Hija única de cariñosos padres, que la habían criado con blandura, sin un regaño ni un castigo, Martina fue la alegría del honrado hogar donde nació y creció. Cuando se puso de largo, la gente empezó a decir que era bonita, y la madre, llena de inocente vanidad, se esmeró en componerla y adornarla para que resaltase su hermosura virginal y fresca. En el teatro, en los bailes, en el paseo de las tardes de invierno y de las veraniegas noches, Martina, vestida al pico de la moda y con atavíos siempre finos y graciosos, gustaba y rayaba en primera línea entre las señoritas de Marineda.

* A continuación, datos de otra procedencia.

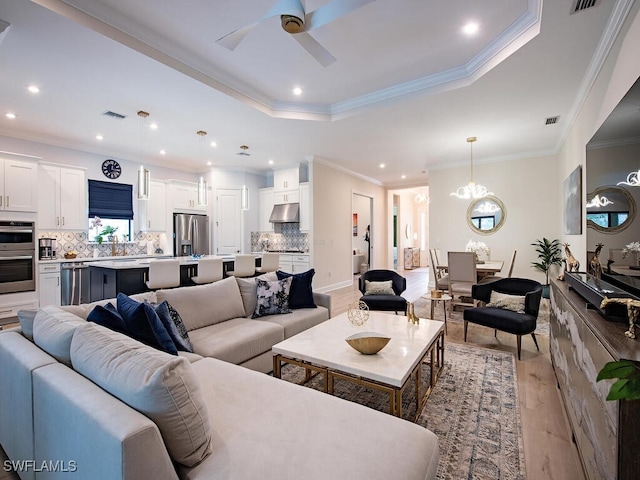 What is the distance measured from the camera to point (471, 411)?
2.19m

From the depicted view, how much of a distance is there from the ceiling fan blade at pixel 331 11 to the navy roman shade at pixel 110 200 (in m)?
5.69

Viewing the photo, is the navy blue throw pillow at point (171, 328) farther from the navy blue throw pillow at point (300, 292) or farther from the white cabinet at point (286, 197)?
the white cabinet at point (286, 197)

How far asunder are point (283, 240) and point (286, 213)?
0.87 m

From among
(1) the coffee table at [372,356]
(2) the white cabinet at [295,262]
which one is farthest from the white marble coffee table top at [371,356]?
(2) the white cabinet at [295,262]

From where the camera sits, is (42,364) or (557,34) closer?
(42,364)

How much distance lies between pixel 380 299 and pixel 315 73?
9.22ft

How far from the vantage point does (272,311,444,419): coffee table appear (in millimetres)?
1833

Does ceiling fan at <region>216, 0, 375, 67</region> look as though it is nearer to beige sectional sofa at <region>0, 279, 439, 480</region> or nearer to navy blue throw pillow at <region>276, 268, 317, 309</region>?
beige sectional sofa at <region>0, 279, 439, 480</region>

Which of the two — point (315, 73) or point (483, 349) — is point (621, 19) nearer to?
point (315, 73)

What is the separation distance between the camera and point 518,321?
120 inches

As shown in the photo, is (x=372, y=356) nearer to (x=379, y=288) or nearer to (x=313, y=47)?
(x=379, y=288)

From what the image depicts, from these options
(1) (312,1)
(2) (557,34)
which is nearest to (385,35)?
(1) (312,1)

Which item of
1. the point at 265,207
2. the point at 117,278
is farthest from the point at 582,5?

Se alababa también su juicio, su viveza, su agrado, que no era coquetismo, y su alegría, tan natural como el canto en las aves. Una atmósfera de simpatía dulcificaba su vivir. Creía que todos eran buenos, porque todos le hablaban con benevolencia en los ojos y mieles en la boca. Se sentía feliz, pero se prometía para lo futuro dichas mayores, más ricas y profundas, que debían empezar el día en que se enamorase. Ninguno de los caballeretes que revoloteaban en torno de Martina, atraídos por la juventud y la buena cara, unidas a no despreciable hacienda, mereció que la muchacha fijase en él las grandes y rientes pupilas arriba de un minuto. Y en ese minuto, más que las prendas y seducciones del caballerete, solía ver Martina sus defectillos, chanceándose luego acerca de ellos con las amigas. Chanzas inofensivas, en que las vírgenes, con malicioso candor, hacen la anatomía de sus pretendientes, obedeciendo a ese instinto de hostilidad burlona que caracteriza el primer período de la juventud.

Así pasaron tres o cuatro inviernos; en Marineda empezó a susurrarse que Martina era delicada de gusto, que picaba alto y que encontrar su media naranja le sería difícil.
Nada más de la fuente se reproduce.